Informed consent, including permission about potential publication in a scientific journal was obtained from the father of the patient involved in the study.

MBS develops due to faulty embryogenesis of the mesencephalon and rhombencephalon[2]. Histopathological evaluation identifies the primary pathology in the pontine tegmentum [3], where the nuclei of the VI cranial nerve and the posterior facial colliculus are located.
Among the various diagnostic criteria for MBS, Kumar et al. outlined the following: (a) partial or complete VII nerve paralysis, (b) associated limb defects such as syndactyly, brachydactyly, absent

digits, or talipes, (c) unilateral or bilateral cranial nerve palsies (including VI, XII, IX, and X), and (d) potential orofacial, ear, and musculoskeletal deformities [3]. Meanwhile, Verzijl et al. emphasized facial palsy and impaired ocular abduction as key diagnostic features. [3] The present case satisfies both criteria.

Other cranial nerves frequently involved in MBS include V, IX, X, XI, and XII ,[4] with cranial nerve XII being the third most commonly affected.[3] Verzijl et al. proposed that MBS may arise from either a genetic defect affecting the VII nerve nuclei or intrauterine environmental and mechanical factors that disrupt brainstem vascularity.[3] However, Cocaine and Misoprostol use during pregnancy have also been associated with MBS,[5,6] which suggests that MBS is a possible teratogenic effect of these drugs.

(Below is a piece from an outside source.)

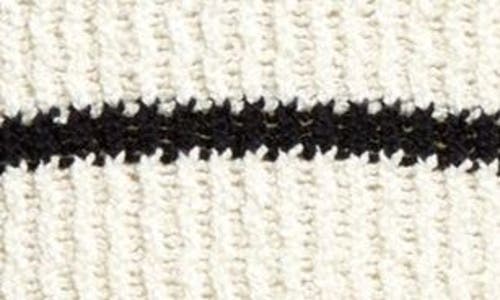 Shop Vince Rib Stripe Crewneck Sweater In Pampas/black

While MBS is primarily diagnosed clinically, neuroimaging modalities such as MRI allows direct imaging of cranial nerves and extraocular muscles. The MRI findings in this case align with those reported by Matsui et al. ,[7] showing ventriculomegaly without features of obstructive hydrocephalus. However, Matsui et al. did identify hydrocephalus in some patients with ventriculomegaly. In contrast, a cross-sectional study by Herrera et al. [8] found ventriculomegaly and hydrocephalus in only a few cases. Cerebral aqueductal stenosis was identified as the underlying cause of obstructive hydrocephalus in both studies.

The possible cause of ventriculomegaly without obstructive hydrocephalus in MBS can be white matter volume loss which can manifest as prominent frontal horns of lateral ventricle in the present case and other researches.[7,8]
Brainstem and cerebellar hypoplasia are commonly reported in MBS;[1,3,9] however, neuroimaging in this case revealed normal appearances of both structures. Infratentorial anomalies, including mesencephalic malformations with a reduced interpeduncular cistern diameter and tectal breaking, were noted in this case, consistent with the findings of Volpe et al. [10]
Thalamic fusion has been documented in MBS, with an established association between thalamic fusion and agenesis of the septum pellucidum, indicating a mild form of lobar holoprosencephaly.[8] The neuroimaging findings in this case corroborate this association. The absence of the facial colliculus, a characteristic feature of MBS, results in a straightened floor of the fourth ventricle, a finding observed in this case. However, some studies describe the floor of the fourth ventricle as horseshoe-shaped.[3,8]

Hippocampal malrotation, as noted in this case, has also been reported in some subjects in a cross-sectional study by Herrera et al. [8]Calcification in the pontine region housing the VI nerve nuclei has been documented in MBS,[3,10]although it was not observed in this case.

The management of MBS is primarily supportive and symptomatic, requiring long-term multidisciplinary care, including physical, psychological, speech, and occupational therapy.

Neuroimaginging MBS particularly MRI shows bilateral hypoplastic abducens nerves and absent facial nerves with associated ventriculomegaly, hippocampal malrotation, and midbrain malformation. Thus, MRI using the CISS sequence can play an important role in evaluating brainstem and associated abnormalities in MBS which can be helpful for clinicians to differentiate it from other congenital neuromuscular disorders.

The work was conducted in the Department of Radiodiagnosis, Himalayan Institute of Medical Sciences, Dehradun, India. We appreciate the work of all the authors and staff involved in generating this case report.